The first set humidity threshold value here specifically refers to the same set humidity threshold value as the first set humidity threshold value of the wind blocking position of the cyclone wind-scattering module determined above. In addition, in other embodiments, the first set humidity threshold for determining the wind guiding position of the first wind guiding plate and the first set humidity threshold for determining the wind guiding position of the cyclone wind dispersing module may also refer to different set humidity thresholds according to actual situations. In addition, in other embodiments, the humidity interval corresponding to different air guiding positions of the first air guiding plate may be divided according to actual requirements by using different set humidity thresholds when the environmental temperature parameter is greater than or equal to the set temperature threshold, for example, the first set humidity threshold is used as the critical value of the humidity interval when the environmental temperature parameter is greater than or equal to the set temperature threshold, and the second set humidity threshold is used as the critical value of the humidity interval when the environmental temperature parameter is less than the set temperature threshold.

The set temperature threshold is specifically a temperature threshold for distinguishing the indoor environment temperature drop requirement. The specific value of the set temperature threshold can be set according to actual conditions, and the set temperature threshold can be a parameter set by a user or a parameter configured by default of the system. In this example, the temperature threshold was set at 26 ℃. In other embodiments, the set temperature threshold may also be set to 25 ℃, 27 ℃, 28 ℃, etc. as desired.

The environmental temperature parameter is greater than or equal to the settlement temperature threshold value, shows that the temperature drop demand is great at this moment, and on this basis, condensation possibility is less when humidity is lower, and the first aviation baffle adopts less wind guiding angle to carry out the wind-guiding this moment, guarantees that all air currents in the wind channel can reach the air outlet, and the position of keeping out the wind of cooperation whirlwind wind module has great area of keeping out the wind here to make the air conditioner can realize avoiding condensation phenomenon to produce, user's wind sense demand to satisfy and compromise when indoor environment temperature drops the effect. The condensation possibility is larger when the humidity is higher, the first air deflector is used for guiding air by adopting a larger air guiding angle, the wind shielding position of the cyclone air scattering module is matched with a smaller wind shielding area, the air flow in the air duct can effectively reduce the air quantity reaching the air outlet and reduce the air flow speed under the blocking or guiding action of the large air guiding angle of the first air deflector, the low-speed air flow reaching the air outlet on the basis can be blown out in a larger area which is not shielded by the cyclone air scattering module, meanwhile, the cold quantity reaching the air outlet can be reduced, the condensation phenomenon is avoided due to the fact that the temperature difference between the inner side and the outer side of the air outlet is larger, meanwhile, the wind speed felt by indoor users can be weakened due to the diffusion action of the cyclone air scattering module, and the air conditioner can achieve the effects of avoiding the condensation phenomenon, meeting the user wind sensing requirement and reducing the indoor environment temperature.

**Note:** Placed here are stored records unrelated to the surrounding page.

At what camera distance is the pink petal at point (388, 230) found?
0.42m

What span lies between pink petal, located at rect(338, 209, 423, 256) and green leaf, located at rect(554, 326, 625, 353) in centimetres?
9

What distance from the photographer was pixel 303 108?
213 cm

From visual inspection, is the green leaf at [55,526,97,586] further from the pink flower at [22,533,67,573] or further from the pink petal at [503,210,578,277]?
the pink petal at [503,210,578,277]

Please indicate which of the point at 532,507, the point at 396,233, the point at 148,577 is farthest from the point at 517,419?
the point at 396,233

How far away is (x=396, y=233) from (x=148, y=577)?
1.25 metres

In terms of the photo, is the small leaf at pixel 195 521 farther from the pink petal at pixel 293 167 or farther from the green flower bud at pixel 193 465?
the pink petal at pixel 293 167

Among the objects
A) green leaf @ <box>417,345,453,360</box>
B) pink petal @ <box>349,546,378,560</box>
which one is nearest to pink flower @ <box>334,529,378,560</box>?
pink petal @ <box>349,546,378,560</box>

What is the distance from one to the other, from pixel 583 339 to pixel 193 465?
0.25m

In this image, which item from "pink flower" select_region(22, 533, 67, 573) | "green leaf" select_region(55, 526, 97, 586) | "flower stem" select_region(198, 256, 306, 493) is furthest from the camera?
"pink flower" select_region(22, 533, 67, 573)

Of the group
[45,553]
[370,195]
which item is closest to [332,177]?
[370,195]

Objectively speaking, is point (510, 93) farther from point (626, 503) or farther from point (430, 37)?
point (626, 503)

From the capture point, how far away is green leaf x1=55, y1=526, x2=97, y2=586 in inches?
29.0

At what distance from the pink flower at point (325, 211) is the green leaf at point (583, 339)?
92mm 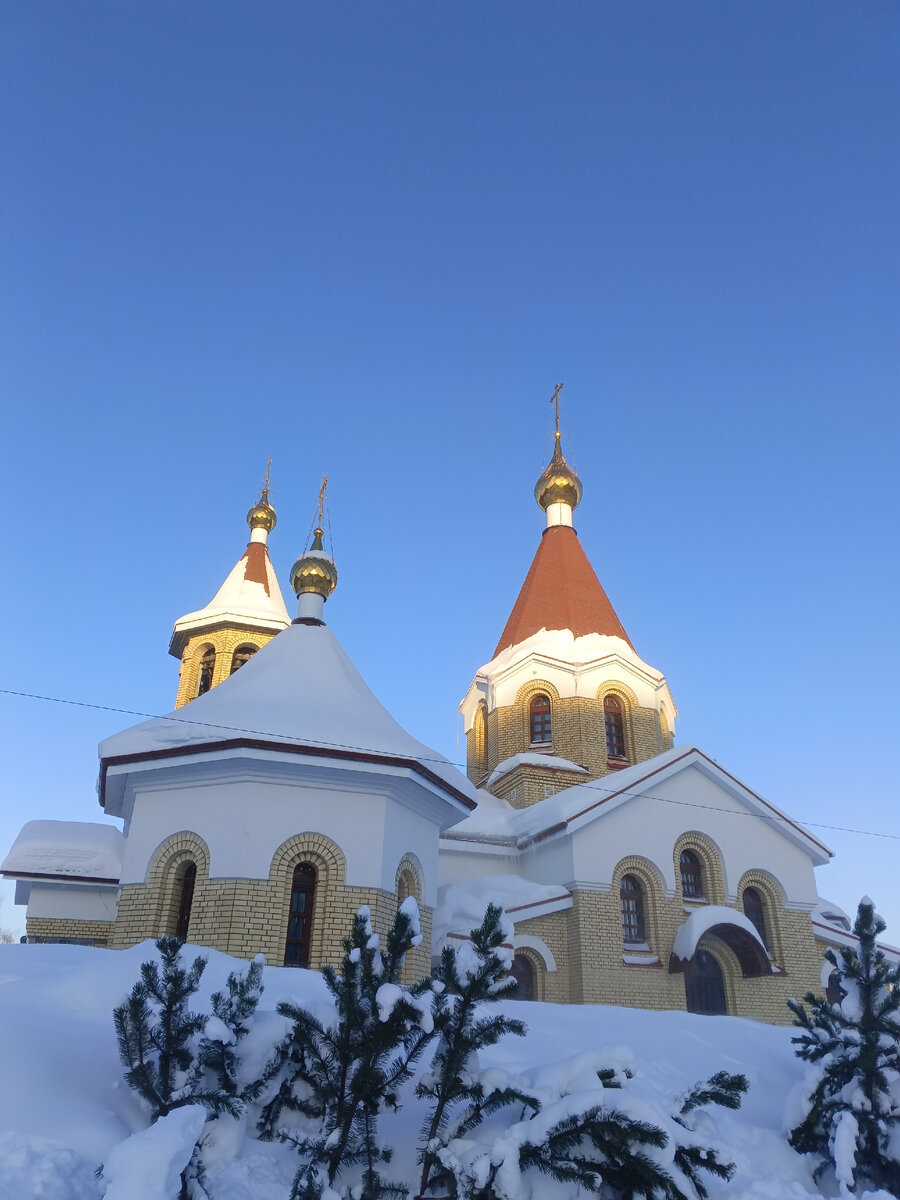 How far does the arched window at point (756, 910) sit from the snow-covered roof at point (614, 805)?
4.31 ft

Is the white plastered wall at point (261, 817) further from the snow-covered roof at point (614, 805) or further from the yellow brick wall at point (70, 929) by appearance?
the snow-covered roof at point (614, 805)

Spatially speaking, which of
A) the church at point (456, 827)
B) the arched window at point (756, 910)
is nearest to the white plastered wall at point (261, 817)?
the church at point (456, 827)

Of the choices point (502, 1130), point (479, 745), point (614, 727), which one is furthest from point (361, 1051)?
point (479, 745)

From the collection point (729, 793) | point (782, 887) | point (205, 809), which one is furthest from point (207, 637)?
point (782, 887)

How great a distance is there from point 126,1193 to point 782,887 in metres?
14.5

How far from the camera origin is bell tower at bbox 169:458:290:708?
20.5 m

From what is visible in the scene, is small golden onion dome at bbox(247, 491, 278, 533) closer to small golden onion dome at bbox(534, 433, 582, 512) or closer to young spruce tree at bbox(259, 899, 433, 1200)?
small golden onion dome at bbox(534, 433, 582, 512)

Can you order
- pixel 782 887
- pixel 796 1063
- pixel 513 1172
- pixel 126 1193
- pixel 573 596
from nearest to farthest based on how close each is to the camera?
pixel 126 1193
pixel 513 1172
pixel 796 1063
pixel 782 887
pixel 573 596

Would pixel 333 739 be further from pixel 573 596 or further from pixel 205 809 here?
pixel 573 596

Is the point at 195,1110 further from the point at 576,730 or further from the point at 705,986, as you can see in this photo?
the point at 576,730

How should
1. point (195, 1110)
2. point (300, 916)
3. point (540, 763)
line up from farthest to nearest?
point (540, 763) < point (300, 916) < point (195, 1110)

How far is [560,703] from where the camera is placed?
19.3m

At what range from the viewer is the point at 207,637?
20688 mm

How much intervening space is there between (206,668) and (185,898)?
10.8m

The environmental temperature parameter is less than the settlement temperature threshold value, indicate that the temperature drop demand is less this moment, on this basis, condensation possibility is less when humidity is lower, this moment first aviation baffle adopts great wind guide angle to carry out the wind guide, the amount of wind of blowing to the air outlet in the reducible wind channel, the position of keeping out the wind of cooperation cyclone wind module has great area of keeping out the wind here, guarantee that air outlet output cold volume can satisfy the temperature drop demand and further improve the diffusion effect of the air outlet air-conditioner of air conditioner simultaneously, realize user's wind sense travelling comfort's improvement, make the air conditioner can realize avoiding condensation phenomenon to produce, user's wind sense demand is satisfied and compromise when indoor environment temperature drops the effect. The condensation possibility is larger when the humidity is higher, at the moment, the first air deflector adopts a smaller air guide angle to guide air, the wind shielding position of the cyclone air scattering module is matched with a smaller wind shielding area, the air flow in the air duct can effectively increase the air outlet quantity of the air outlet under the action of the small air guide angle of the first air deflector, so that the temperature of the inner side and the outer side of the air outlet is further close to ensure that the condensation phenomenon is caused by larger temperature difference between the inner side and the outer side of the air outlet, and meanwhile, the wind speed felt by an indoor user can be weakened through the diffusion action of the cyclone air scattering module, so that the air conditioner can realize the effects of avoiding the condensation phenomenon, meeting the user wind sensing requirement and reducing the indoor environment temperature.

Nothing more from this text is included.